### Dataset excerpts
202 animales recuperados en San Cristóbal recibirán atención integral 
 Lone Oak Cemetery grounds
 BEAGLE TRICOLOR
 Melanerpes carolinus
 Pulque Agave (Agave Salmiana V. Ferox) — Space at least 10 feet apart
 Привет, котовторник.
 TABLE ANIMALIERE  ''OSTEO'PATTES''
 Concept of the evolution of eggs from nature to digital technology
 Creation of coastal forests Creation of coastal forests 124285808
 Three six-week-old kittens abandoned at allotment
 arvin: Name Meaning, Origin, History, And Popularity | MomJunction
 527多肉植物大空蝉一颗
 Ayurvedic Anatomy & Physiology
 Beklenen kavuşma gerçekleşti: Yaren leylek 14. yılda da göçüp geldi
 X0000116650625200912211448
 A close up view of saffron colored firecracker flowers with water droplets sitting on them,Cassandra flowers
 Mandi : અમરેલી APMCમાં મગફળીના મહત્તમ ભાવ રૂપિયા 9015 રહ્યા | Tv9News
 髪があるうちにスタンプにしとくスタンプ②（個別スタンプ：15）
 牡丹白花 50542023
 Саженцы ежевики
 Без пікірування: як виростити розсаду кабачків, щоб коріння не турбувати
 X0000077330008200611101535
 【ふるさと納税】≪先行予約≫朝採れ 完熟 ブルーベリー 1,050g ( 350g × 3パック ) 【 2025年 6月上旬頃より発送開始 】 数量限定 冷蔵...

### Task goal
Top to bottom, transcribe every line above exactly.

### Response for this exercise
202 animales recuperados en San Cristóbal recibirán atención integral 
 Lone Oak Cemetery grounds
 BEAGLE TRICOLOR
 Melanerpes carolinus
 Pulque Agave (Agave Salmiana V. Ferox) — Space at least 10 feet apart
 Привет, котовторник.
 TABLE ANIMALIERE  ''OSTEO'PATTES''
 Concept of the evolution of eggs from nature to digital technology
 Creation of coastal forests Creation of coastal forests 124285808
 Three six-week-old kittens abandoned at allotment
 arvin: Name Meaning, Origin, History, And Popularity | MomJunction
 527多肉植物大空蝉一颗
 Ayurvedic Anatomy & Physiology
 Beklenen kavuşma gerçekleşti: Yaren leylek 14. yılda da göçüp geldi
 X0000116650625200912211448
 A close up view of saffron colored firecracker flowers with water droplets sitting on them,Cassandra flowers
 Mandi : અમરેલી APMCમાં મગફળીના મહત્તમ ભાવ રૂપિયા 9015 રહ્યા | Tv9News
 髪があるうちにスタンプにしとくスタンプ②（個別スタンプ：15）
 牡丹白花 50542023
 Саженцы ежевики
 Без пікірування: як виростити розсаду кабачків, щоб коріння не турбувати
 X0000077330008200611101535
 【ふるさと納税】≪先行予約≫朝採れ 完熟 ブルーベリー 1,050g ( 350g × 3パック ) 【 2025年 6月上旬頃より発送開始 】 数量限定 冷蔵...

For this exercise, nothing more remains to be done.